There’s a widespread misconception that the equinoxes and solstices are events fixed to certain days. I have known people who swear that all winter solstices have to happen on December twenty oneses. OK, it’s been true in Seattle lately, but that’s not necessarily the case. The truth is the solstice happens at a moment in time that can move around, and the date depends on your time zone. The reason it stays close to Dec. 21 is because of leap years. That’s why we have leap years: to keep the solstice from wandering off.
Without leap days, the solstice would ratchet forward almost six hours every year, and, by the fourth or fifth year, it would happen on a Dec. 22. The horror. We could accidentally bring the cows into the barn a day early.
If you can’t trust a calendar to tell you the shortest day of every year, you can’t trust anyone. When time unravels, society itself unravels. Cows unravel. Figuratively speaking.
This is why I like to periodically call out the times of the winter solstice. This year, it’s at 1:48 p.m. Next year, it will be at 7:28 p.m. The year after, it would be in the morning of Dec. 22, but an intervening leap day will put it back to the morning of Dec. 21 instead. Leap days to the rescue! Hail Julius Caesar and his astronomers!
The other reason the solstice doesn’t wander too far is because of Pope Gregory XIII and his astronomers. They noticed that there were too many leap days, and the excess leap days were over-correcting for the solstice drift, letting it go days too soon before Dec. 21. That couldn’t be allowed because the solstice always has to happen about four days before the birthday of Jesus, and we’re again mismanaging the cattle, this time in the other direction. So the pope decreed that three leap days every 400 years would be no more, retroactively, and poof, the calendar was fixed.
All of this is designed so we can count on the coming Christmas being on Sunday, rather than Friday or Saturday, as the founders of the church always intended.
Meanwhile, as the calendar was corrected, Elon Musk took over Twitter and turned himself into a fine illustration of the hazards of ideology.
He didn’t have to be a free speech fanatic.
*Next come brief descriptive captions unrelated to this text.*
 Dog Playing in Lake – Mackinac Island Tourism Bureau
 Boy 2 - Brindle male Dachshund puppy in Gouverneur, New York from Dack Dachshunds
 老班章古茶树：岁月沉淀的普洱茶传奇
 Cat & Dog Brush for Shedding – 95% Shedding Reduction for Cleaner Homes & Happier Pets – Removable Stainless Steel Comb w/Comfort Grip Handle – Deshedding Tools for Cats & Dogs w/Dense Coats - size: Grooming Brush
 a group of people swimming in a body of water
He could have realistically acknowledged as he took Twitter over that there would have to be checks on free speech on the platform. But no, he couldn’t do that, because ideology. So then he discovered that someone was tweeting the location of his private jet in real time, a practice called doxxing that never concerned him until suddenly it was putting his life and the lives of his friends and family at risk. So accounts have been suspended, and he is looking like a hypocrite. He’s not really a hypocrite, just an ideologue who got his chain yanked by reality.
Reality has a way of yanking chains. Life finds a way, said Jeff Goldblum as my favorite character, Ian Malcolm, in the first “Jurassic Park” film.
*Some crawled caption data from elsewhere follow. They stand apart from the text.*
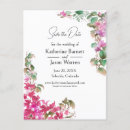 Recherche de bougainvillea cartes postales Pour tous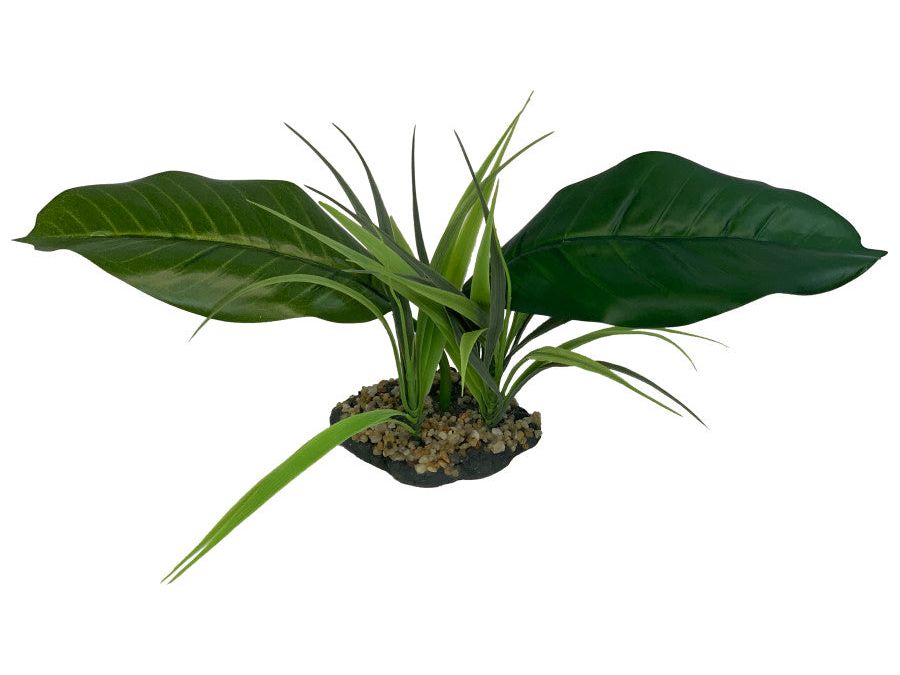 Komodo Woodland Canopy Plant 1ea/42 cm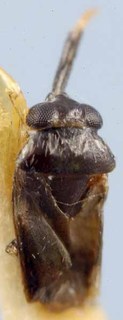 Campylomma agalegae, AMNH PBI00085631
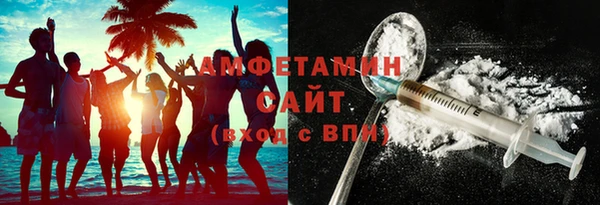шишки Абаза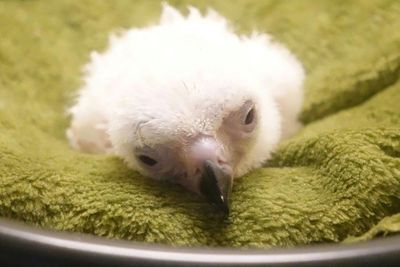 Philippine Eagle Hatchling Dies In Conservation Setback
The news this morning: a 50-foot-tall cylindrical aquarium built in a hotel in Berlin almost 20 years ago burst and flooded the hotel with 264,000 gallons of water and about 1,500 fish. That’s reality. Authorities can’t explain it except to say there was a technical flaw in the structure. Well, yeah. It was built. Who needs a 50-foot, 264,000-gallon aquarium?
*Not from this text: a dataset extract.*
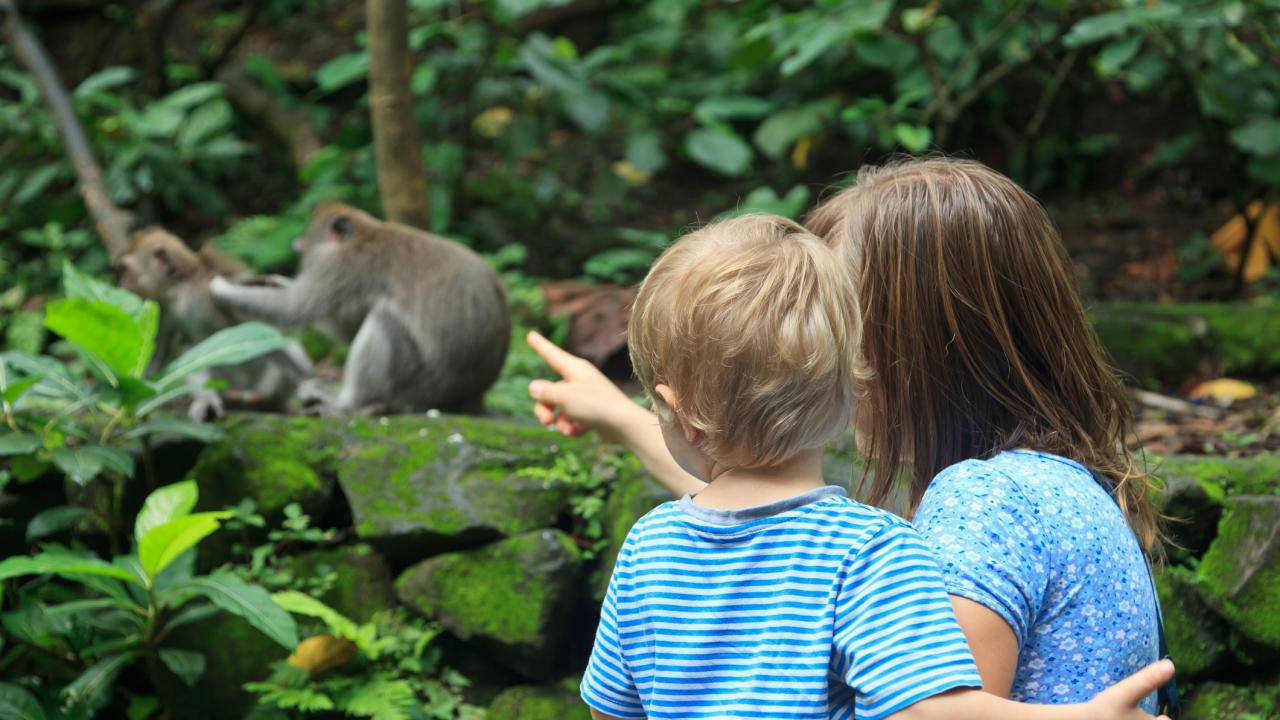 Woman and child view wild primate parent and child among foliage.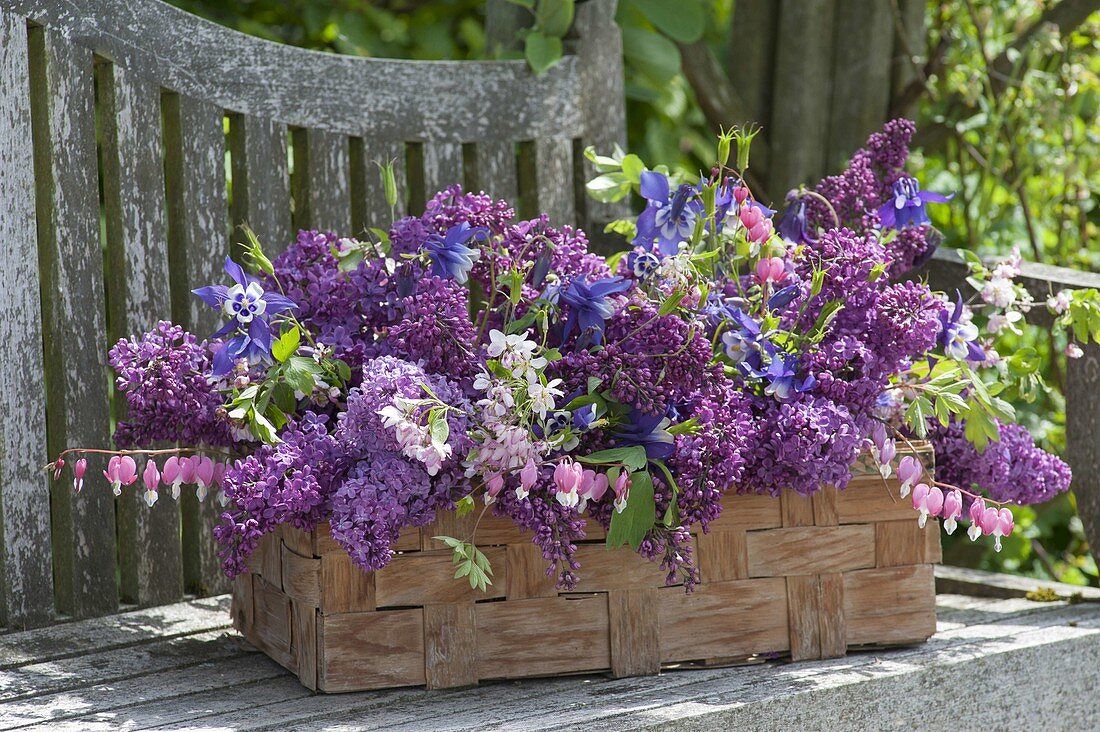 Fragrant spring basket with lilac and perennials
I got interested in chaos theory the morning after Albert Einstein died in April 1955. After having it explained to me that Einstein was a famous scientist and being told roughly what scientists do, namely discover things no one knew before, I went outside and tried to think what I might ever be able to discover. There happened to be a pretty significant sidewalk crack in front of the house. I thought, “Maybe I could someday learn how sidewalk cracks work?”
They work like earthquakes and calendars. Things drift. Eventually they go too far, and the next thing you know the cattle are being mismanaged or the barn or aquarium has collapsed.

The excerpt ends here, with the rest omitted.